Transcribe, word for word and without additions, each line below from the one containing "s Fine Collection Emerald" through the one containing "Diamond Station Necklace", both ends included.

*** Opening Records provided ***

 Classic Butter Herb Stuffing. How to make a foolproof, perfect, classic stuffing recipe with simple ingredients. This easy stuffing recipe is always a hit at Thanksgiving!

*** Closing Records provided ***
*** Opening Records provided ***

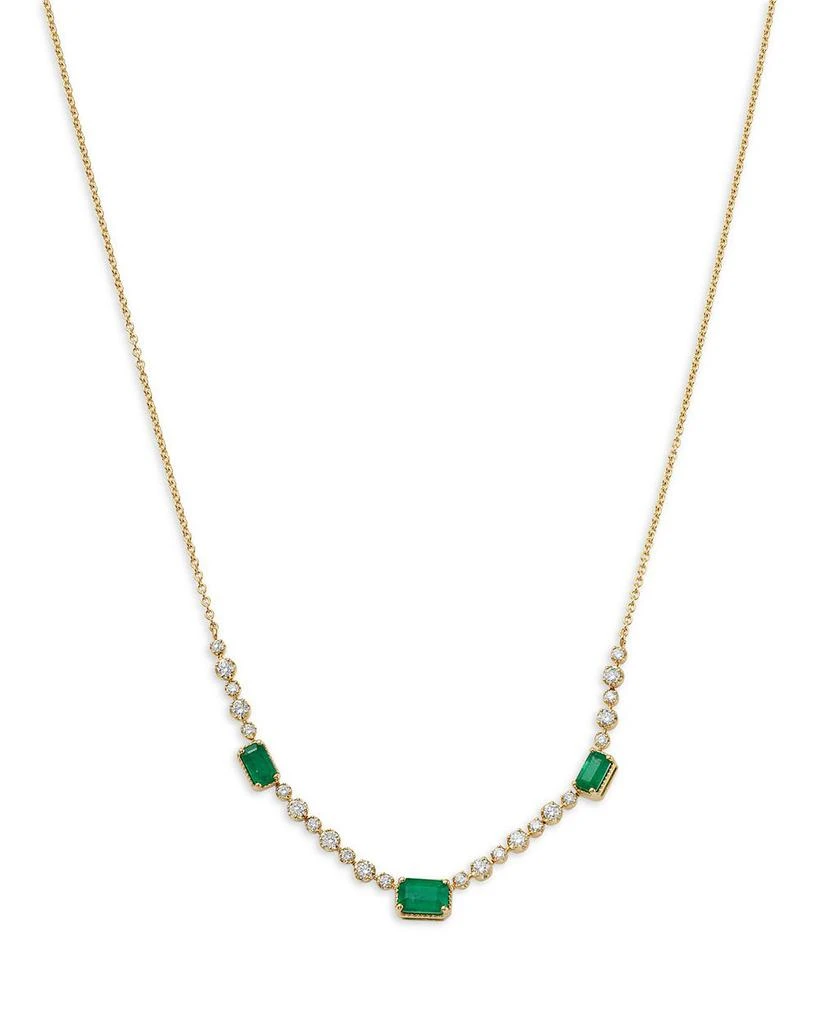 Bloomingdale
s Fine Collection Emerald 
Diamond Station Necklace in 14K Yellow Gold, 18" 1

*** Closing Records provided ***

● **Response**:
s Fine Collection Emerald 
Diamond Station Necklace in 14K Yellow Gold, 18" 1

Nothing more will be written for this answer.